### Your assignment
Set the listing down exactly; no pictures.
......
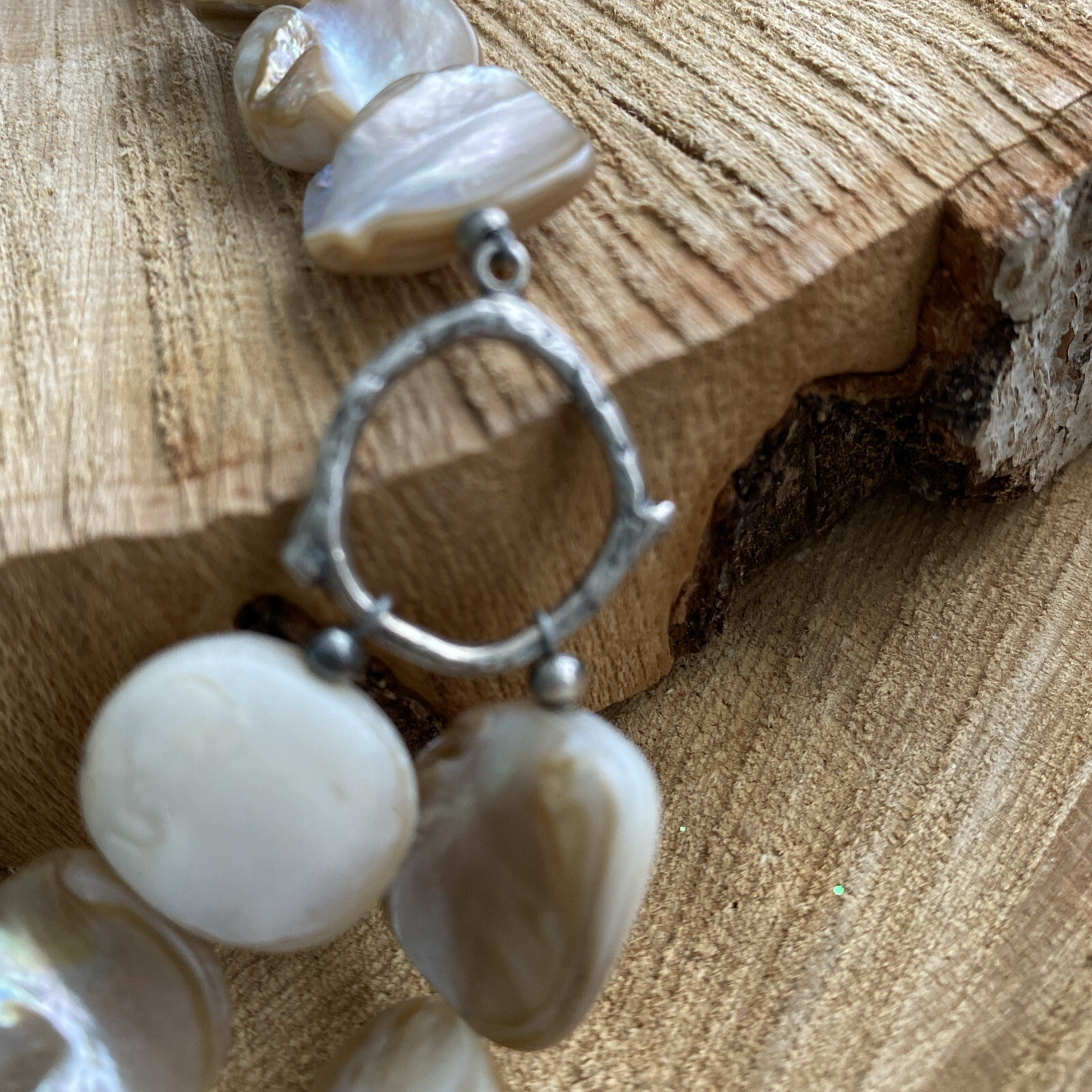 Silpada Sterling Silver Iridescent Mother of Pearl Shell Swag Necklace N1825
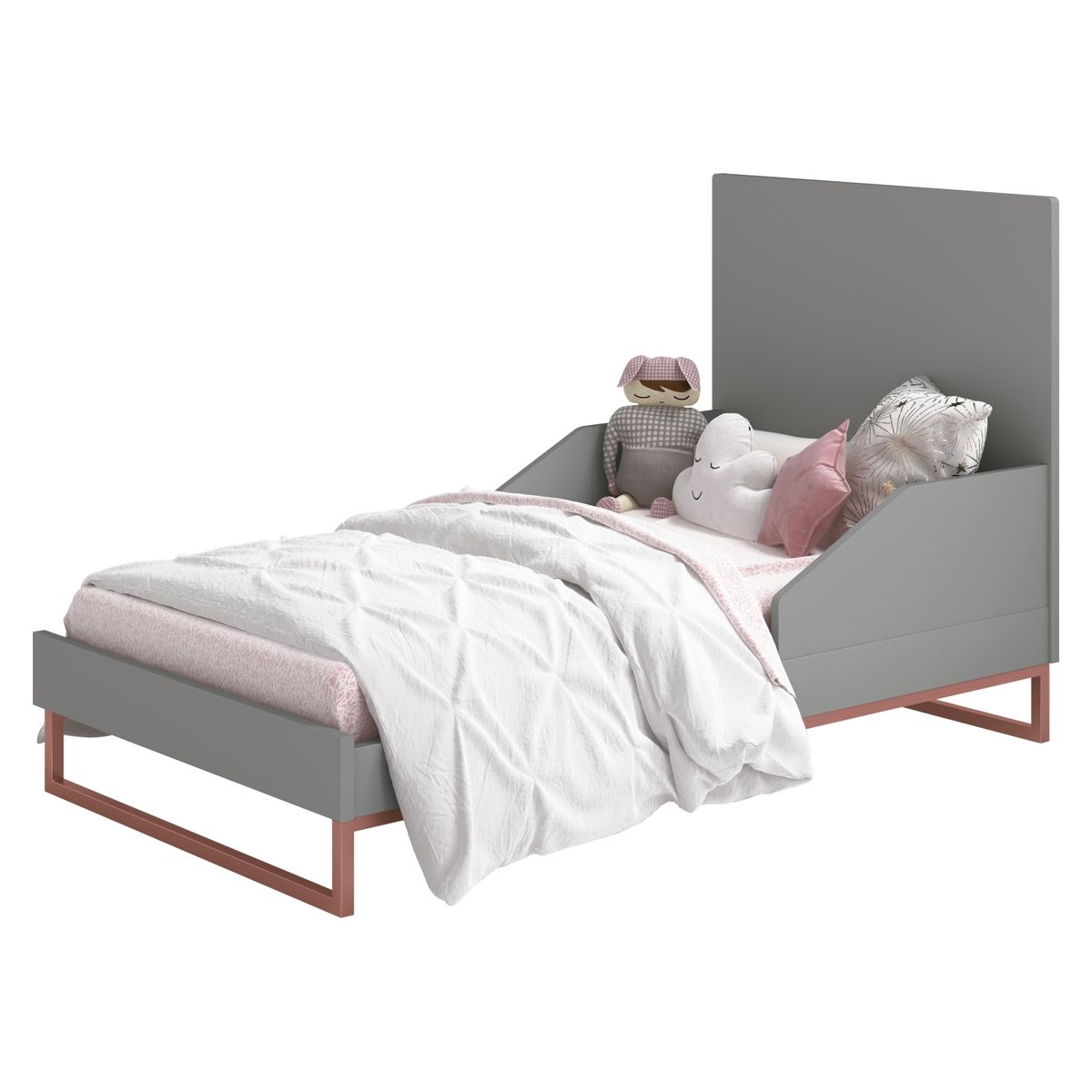 KIDSCOOL - Cuna Noah Desing Industrial Gris Base Cobre Kidscool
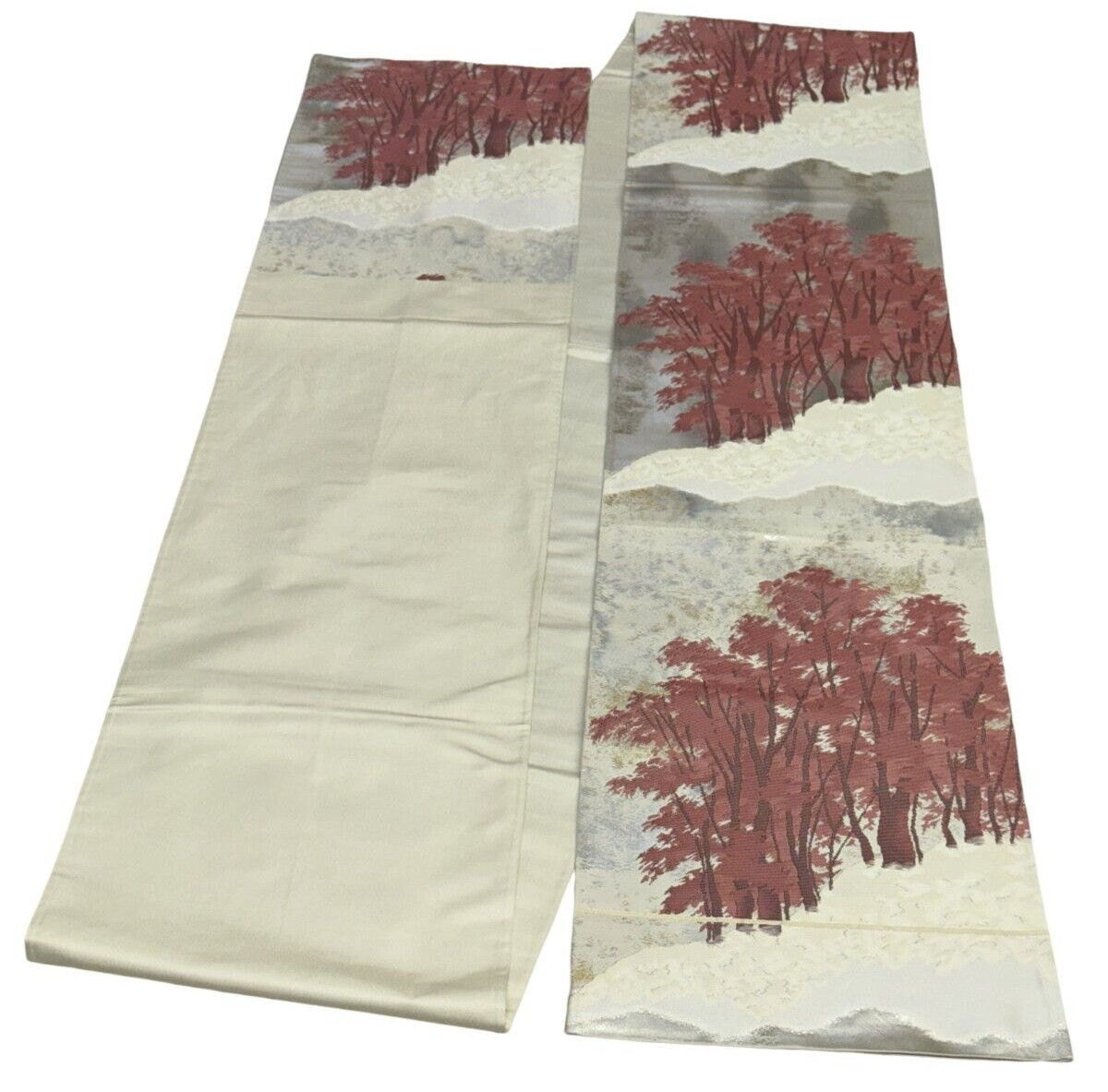 Japanese Vintage Kimono Fukuro Obi silk silver expensive tradition 162.9×12.2in
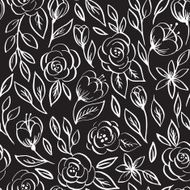 Calligraphic pattern with flowers
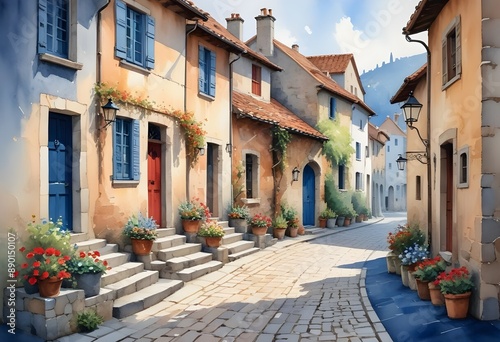 An idyllic medieval picturesque settlement with narrow streets and green plants in the windows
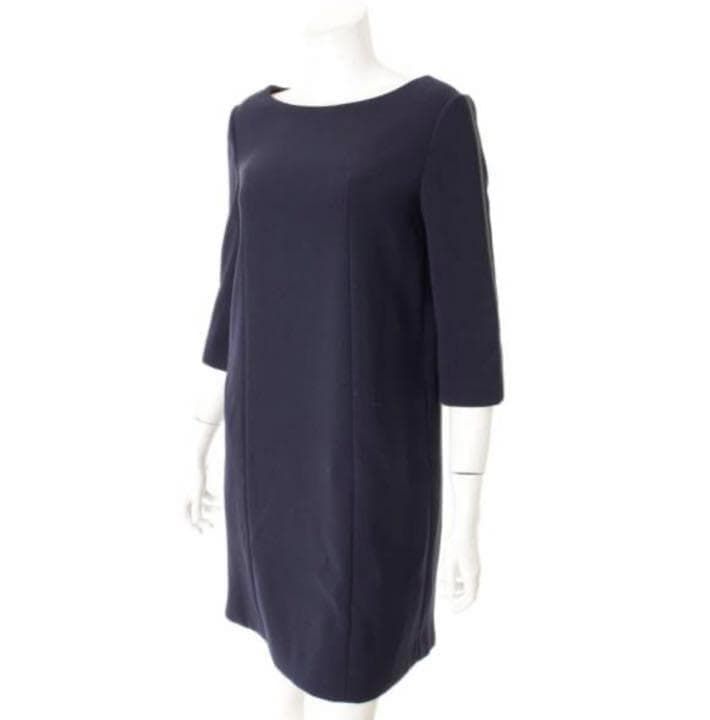 FOXEY NEWYORK ワンピース サイドレザーデザイン 大人 ネイビー
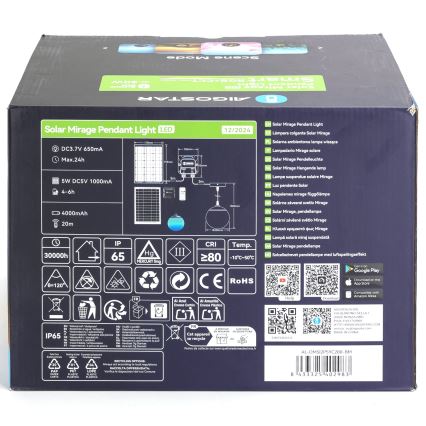 Aigostar - LED RGB Prigušivi solarni luster MESH LED/20W/3,7V 4000 mAh 2700K-6500K IP65 pr. 20 cm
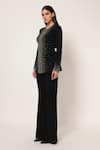 Namrata Joshipura_Black Jersey Sequins, Stones Round Neck Silver Dust Front Open Top With Pant _Online_at_Aza_Fashions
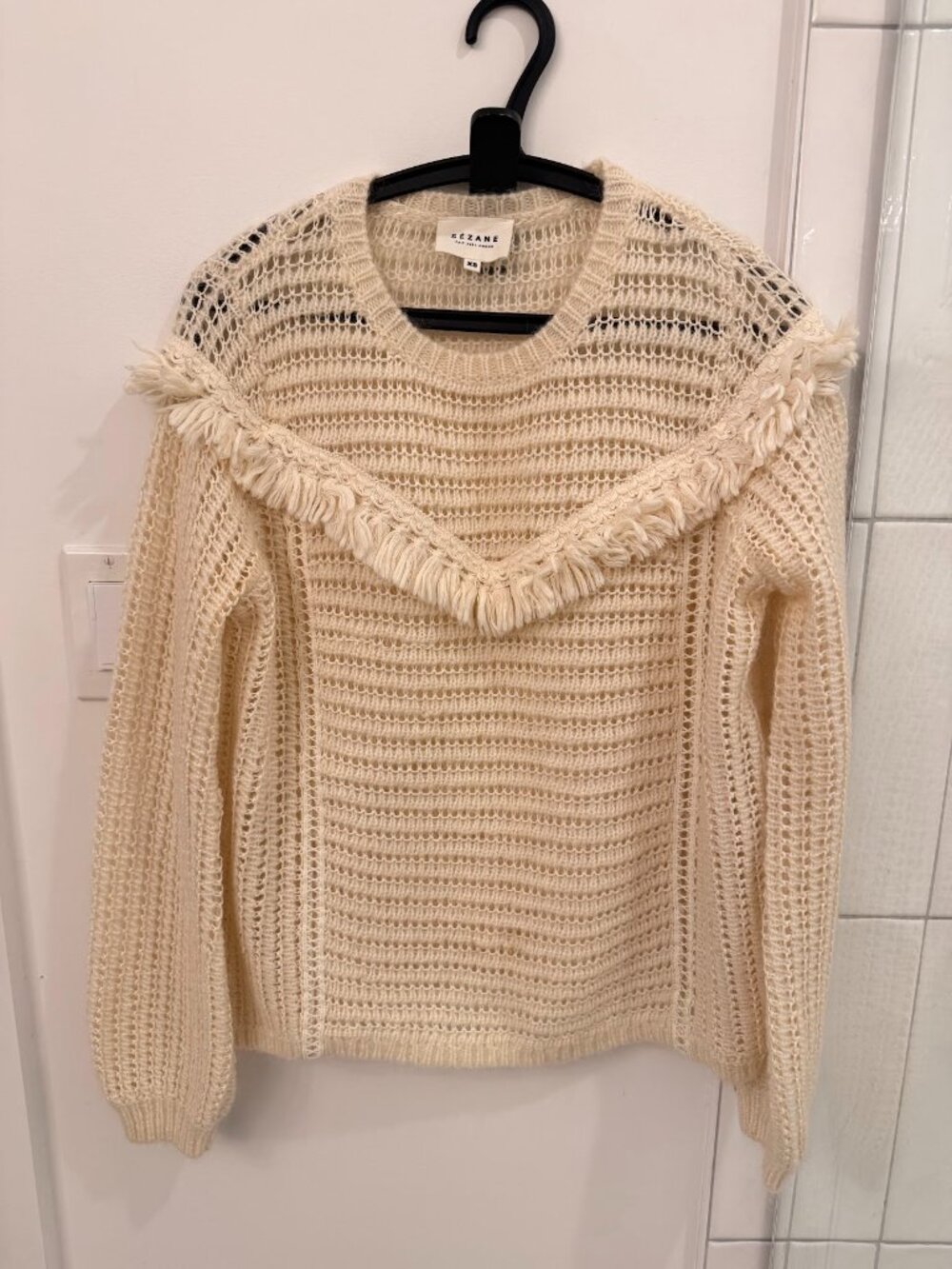Sezane Gaston Fringe Sweater in ecru
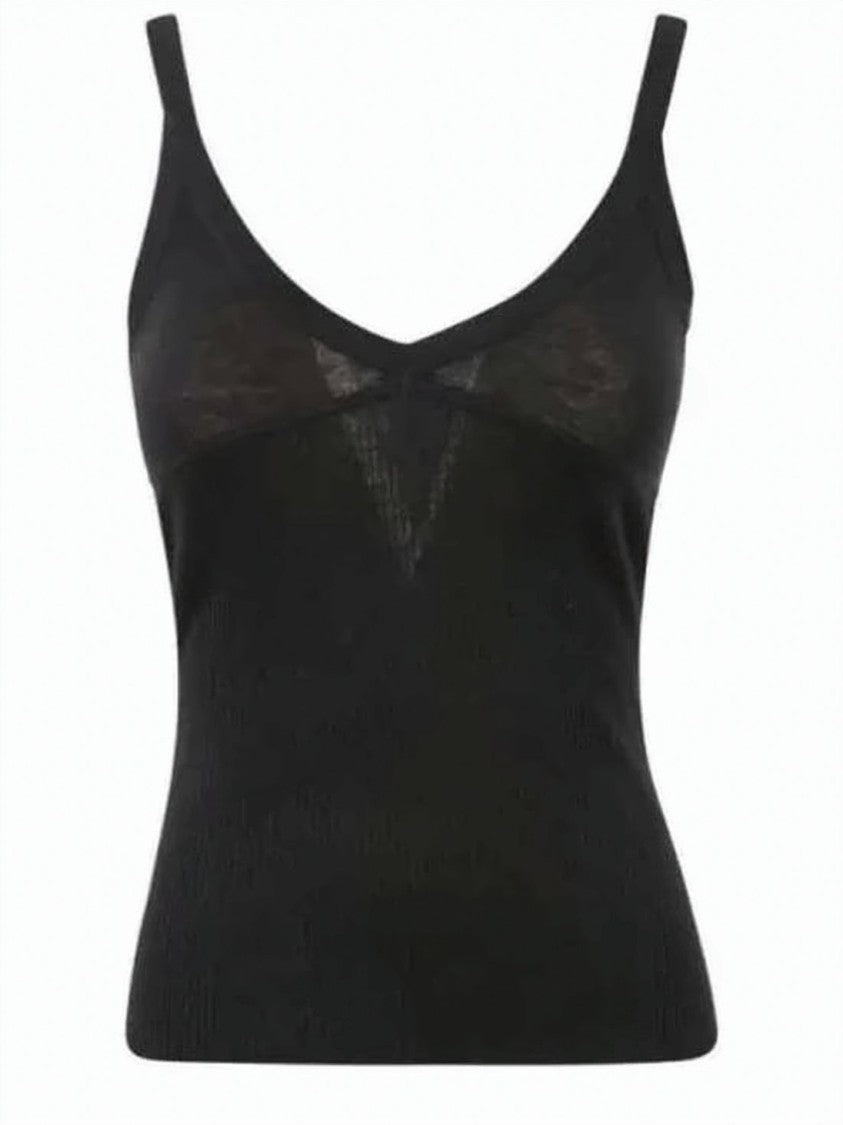 Max Mara Fitted Black Wool Tank Top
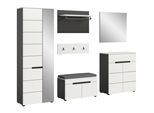 Garderobe CANU 6-teilig Grau, Weiß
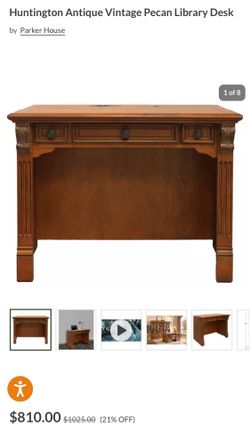 Traditional Wood Desk 40x21x30 –23 Drawers, Built-in USB Hub & Power Strip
......
### Response area
 Silpada Sterling Silver Iridescent Mother of Pearl Shell Swag Necklace N1825
 KIDSCOOL - Cuna Noah Desing Industrial Gris Base Cobre Kidscool
 Japanese Vintage Kimono Fukuro Obi silk silver expensive tradition 162.9×12.2in
 Calligraphic pattern with flowers
 An idyllic medieval picturesque settlement with narrow streets and green plants in the windows
 FOXEY NEWYORK ワンピース サイドレザーデザイン 大人 ネイビー
 Aigostar - LED RGB Prigušivi solarni luster MESH LED/20W/3,7V 4000 mAh 2700K-6500K IP65 pr. 20 cm
 Namrata Joshipura_Black Jersey Sequins, Stones Round Neck Silver Dust Front Open Top With Pant _Online_at_Aza_Fashions
Sezane Gaston Fringe Sweater in ecru
 Max Mara Fitted Black Wool Tank Top
 Garderobe CANU 6-teilig Grau, Weiß
 Traditional Wood Desk 40x21x30 –23 Drawers, Built-in USB Hub & Power Strip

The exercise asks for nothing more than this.